A rare George I walnut month-going Apparent or Solar time longcase clock, Joseph Williamson, c.1720
Вставка
- Опубліковано 20 січ 2025
- Joseph Williamson,
London, Circa 1720
A rare George I walnut month-going Apparent or Solar time longcase clock
Height
8 feet 9 inches
Case
Veneered in burr walnut on an oak carcass, the hood with three giltwood finials to the caddy top, brass-capped Tuscan columns to the angles, and pierced wood friezes above and below the cornice.
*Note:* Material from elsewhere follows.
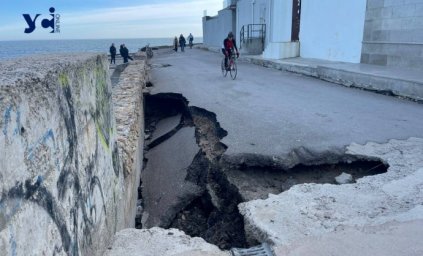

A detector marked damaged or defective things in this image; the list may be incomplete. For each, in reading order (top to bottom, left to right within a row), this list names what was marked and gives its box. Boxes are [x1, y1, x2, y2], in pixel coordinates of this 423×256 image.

erosion damage [138, 91, 390, 250]
cracked asphalt [151, 47, 423, 166]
The concave throat moulding above a rectangular trunk door with book-matched veneers and cross-grain D-moulded surround, the base with conforming veneers, separated by a cross-grain triple convex moulding, standing on a double-skirted foot
Dial
Of breakarch form, the gilt brass plate with engraved wheatear border and signed JOSEPHUS WILLIAMSON LONDINI FECIT on an undulating ribbon within a pierced an engraved silvered mount also inscribed Hora Indicantur Apparentes Involu/tis Equationibus set on the matted centre above VI and framing a calendar aperture, a large-diameter seconds ring below XII, all within the silvered Roman and Arabic chapter ring with fleur-de-lys half-hour marks, gilt cast brass mask-and-scroll spandrels, and the arch set with a silvered year calendar ring with equation of time indicated by a blued-steel hand mounted with a gilt brass sunburst, flanked by dolphin-and-scroll spandrels
Duration
One month
Movement
The rectangular plates secured by five ring-turned baluster pillars pinned to the frontplate, reversed trains of month duration with external rack-and-snail hour strike on vertically-set bell above the plates, anchor escapement and with twin vertical arms screw-planted on the plates extending above the bell to hold an arbor, whose front-end wheel (with a cut-out for counterpoise) is driven by an endless-screw drive arbor rising from the underdial motionwork, the opposing end carrying the equation kidney against which the upper end of the cranked pendulum-suspension arm is held by the weight of the pendulum whose effective length adjusts according to the rotation of the kidney, so giving Solar time indication on the dial
Escapement
Anchor with self-adjusting effective pendulum length for Apparent, Solar time
Strike Type
Rack-and-snail hour strike
Joseph Williamson’s clockmaking origins are obscure, there being no record for him of an apprenticeship in the Clockmakers’ Company, although it is sometimes said he was apprenticed in 1683. He appears to have entered the Clockmakers’ Company late, but advanced to Junior Warden in 1721, and Master in 1724 or 1725, dying in office that year. He certainly (on his own attestation) worked sometime for Daniel Quare for whom I then wrought mostly, partly making equation clocks, plus he claimed to have been the actual maker of all such clocks made in England up until 1719, having been the inventor of the kidney equation device. In 1719 his letter to the Royal Society, asserted his Right to the curious and useful invention of making clocks to keep time with the Sun’s Apparent Motion. In these claims Williamson (notwithstanding the superlative quality of his equation clocks) was being disingenuous, for not only are the equation clocks signed by Tompion not by Williamson, the actual invention of the equation kidney to render the clock hands to register (varying) Solar time was due to Christiaan Huygens, who in 1695 (in his last surviving letter) wrote to his brother Constantijn (then William III’s private secretary in London) outlining the kidney equation device. As a result, we can deduce that Quare sub-contracted his equation clocks to Williamson, who then proceeded to make such clocks also on his own account, such as in the present clock.
www.johnctaylo...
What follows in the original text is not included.